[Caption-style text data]
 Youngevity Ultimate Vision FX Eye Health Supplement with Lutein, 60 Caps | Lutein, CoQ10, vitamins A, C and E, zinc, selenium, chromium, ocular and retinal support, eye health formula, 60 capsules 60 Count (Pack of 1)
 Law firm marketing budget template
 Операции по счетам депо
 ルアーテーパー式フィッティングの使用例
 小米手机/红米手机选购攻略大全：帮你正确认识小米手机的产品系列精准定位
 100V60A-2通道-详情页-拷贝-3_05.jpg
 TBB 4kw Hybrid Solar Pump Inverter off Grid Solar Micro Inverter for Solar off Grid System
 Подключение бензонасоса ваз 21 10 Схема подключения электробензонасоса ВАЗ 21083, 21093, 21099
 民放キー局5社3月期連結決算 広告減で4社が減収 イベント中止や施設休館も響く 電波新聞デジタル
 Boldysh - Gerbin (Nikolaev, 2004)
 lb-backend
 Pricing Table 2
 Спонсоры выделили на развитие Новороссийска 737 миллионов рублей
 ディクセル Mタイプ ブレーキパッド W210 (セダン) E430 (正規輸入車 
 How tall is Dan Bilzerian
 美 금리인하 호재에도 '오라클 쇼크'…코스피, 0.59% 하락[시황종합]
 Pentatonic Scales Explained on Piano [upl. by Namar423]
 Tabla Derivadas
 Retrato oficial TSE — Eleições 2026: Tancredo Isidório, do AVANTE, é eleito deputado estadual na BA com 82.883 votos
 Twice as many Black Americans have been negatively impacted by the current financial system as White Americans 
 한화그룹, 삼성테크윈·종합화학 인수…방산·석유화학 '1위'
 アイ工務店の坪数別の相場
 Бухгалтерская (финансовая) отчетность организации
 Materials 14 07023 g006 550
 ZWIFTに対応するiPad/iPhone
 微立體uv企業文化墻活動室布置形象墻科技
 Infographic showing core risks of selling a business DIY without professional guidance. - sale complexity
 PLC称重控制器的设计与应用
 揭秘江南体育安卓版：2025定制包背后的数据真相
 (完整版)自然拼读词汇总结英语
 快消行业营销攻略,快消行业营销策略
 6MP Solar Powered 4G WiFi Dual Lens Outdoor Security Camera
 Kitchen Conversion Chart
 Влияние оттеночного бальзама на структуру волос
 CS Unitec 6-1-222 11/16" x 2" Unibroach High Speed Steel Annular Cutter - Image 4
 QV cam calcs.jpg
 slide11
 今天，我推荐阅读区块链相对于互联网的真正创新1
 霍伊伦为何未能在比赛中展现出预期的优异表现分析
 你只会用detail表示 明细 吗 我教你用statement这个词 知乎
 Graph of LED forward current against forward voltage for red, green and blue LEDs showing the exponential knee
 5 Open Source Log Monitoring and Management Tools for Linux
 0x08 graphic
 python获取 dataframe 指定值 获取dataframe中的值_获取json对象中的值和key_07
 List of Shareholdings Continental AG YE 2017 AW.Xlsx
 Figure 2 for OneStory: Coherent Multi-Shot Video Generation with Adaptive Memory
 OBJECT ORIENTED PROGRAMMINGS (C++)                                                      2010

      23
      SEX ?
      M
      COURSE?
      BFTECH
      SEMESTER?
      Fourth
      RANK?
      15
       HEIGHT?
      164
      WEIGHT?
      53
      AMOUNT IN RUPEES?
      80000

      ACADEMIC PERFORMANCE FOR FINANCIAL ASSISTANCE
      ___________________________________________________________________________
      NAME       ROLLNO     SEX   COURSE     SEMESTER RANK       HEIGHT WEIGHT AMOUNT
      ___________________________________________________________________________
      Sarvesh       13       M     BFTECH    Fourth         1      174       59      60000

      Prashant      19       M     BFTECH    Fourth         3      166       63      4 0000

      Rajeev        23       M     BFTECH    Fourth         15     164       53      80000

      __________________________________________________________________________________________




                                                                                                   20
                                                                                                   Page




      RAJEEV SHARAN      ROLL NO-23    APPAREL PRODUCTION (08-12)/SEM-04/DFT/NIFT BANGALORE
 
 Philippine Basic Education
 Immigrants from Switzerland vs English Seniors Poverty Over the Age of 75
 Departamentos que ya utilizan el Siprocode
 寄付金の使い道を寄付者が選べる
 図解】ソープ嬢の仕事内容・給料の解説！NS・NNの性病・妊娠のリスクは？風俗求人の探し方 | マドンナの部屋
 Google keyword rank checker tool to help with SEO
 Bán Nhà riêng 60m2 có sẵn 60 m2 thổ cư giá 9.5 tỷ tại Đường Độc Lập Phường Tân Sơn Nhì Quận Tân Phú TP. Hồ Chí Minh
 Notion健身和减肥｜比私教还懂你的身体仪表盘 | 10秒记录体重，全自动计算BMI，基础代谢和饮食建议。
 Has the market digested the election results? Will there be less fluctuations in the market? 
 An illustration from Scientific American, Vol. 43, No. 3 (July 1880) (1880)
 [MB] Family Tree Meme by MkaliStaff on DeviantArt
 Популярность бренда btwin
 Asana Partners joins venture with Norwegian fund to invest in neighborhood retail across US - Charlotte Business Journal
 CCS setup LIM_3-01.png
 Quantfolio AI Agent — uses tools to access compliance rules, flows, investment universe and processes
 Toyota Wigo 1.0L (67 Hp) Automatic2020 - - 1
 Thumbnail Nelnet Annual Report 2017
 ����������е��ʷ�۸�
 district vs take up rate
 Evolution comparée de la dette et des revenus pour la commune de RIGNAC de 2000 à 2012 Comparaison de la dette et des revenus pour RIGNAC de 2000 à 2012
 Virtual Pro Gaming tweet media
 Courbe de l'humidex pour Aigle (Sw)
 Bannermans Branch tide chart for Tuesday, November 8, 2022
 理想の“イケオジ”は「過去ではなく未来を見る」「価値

▶ [Task]:
Look above for the line holding "CS Unitec 6-1-222" and the line holding "Immigrants from Switzerland". Retype both, and every line between them, word for word and nothing else.

▶ [Reply to the task]:
 CS Unitec 6-1-222 11/16" x 2" Unibroach High Speed Steel Annular Cutter - Image 4
 QV cam calcs.jpg
 slide11
 今天，我推荐阅读区块链相对于互联网的真正创新1
 霍伊伦为何未能在比赛中展现出预期的优异表现分析
 你只会用detail表示 明细 吗 我教你用statement这个词 知乎
 Graph of LED forward current against forward voltage for red, green and blue LEDs showing the exponential knee
 5 Open Source Log Monitoring and Management Tools for Linux
 0x08 graphic
 python获取 dataframe 指定值 获取dataframe中的值_获取json对象中的值和key_07
 List of Shareholdings Continental AG YE 2017 AW.Xlsx
 Figure 2 for OneStory: Coherent Multi-Shot Video Generation with Adaptive Memory
 OBJECT ORIENTED PROGRAMMINGS (C++)                                                      2010

      23
      SEX ?
      M
      COURSE?
      BFTECH
      SEMESTER?
      Fourth
      RANK?
      15
       HEIGHT?
      164
      WEIGHT?
      53
      AMOUNT IN RUPEES?
      80000

      ACADEMIC PERFORMANCE FOR FINANCIAL ASSISTANCE
      ___________________________________________________________________________
      NAME       ROLLNO     SEX   COURSE     SEMESTER RANK       HEIGHT WEIGHT AMOUNT
      ___________________________________________________________________________
      Sarvesh       13       M     BFTECH    Fourth         1      174       59      60000

      Prashant      19       M     BFTECH    Fourth         3      166       63      4 0000

      Rajeev        23       M     BFTECH    Fourth         15     164       53      80000

      __________________________________________________________________________________________




                                                                                                   20
                                                                                                   Page




      RAJEEV SHARAN      ROLL NO-23    APPAREL PRODUCTION (08-12)/SEM-04/DFT/NIFT BANGALORE
 
 Philippine Basic Education
 Immigrants from Switzerland vs English Seniors Poverty Over the Age of 75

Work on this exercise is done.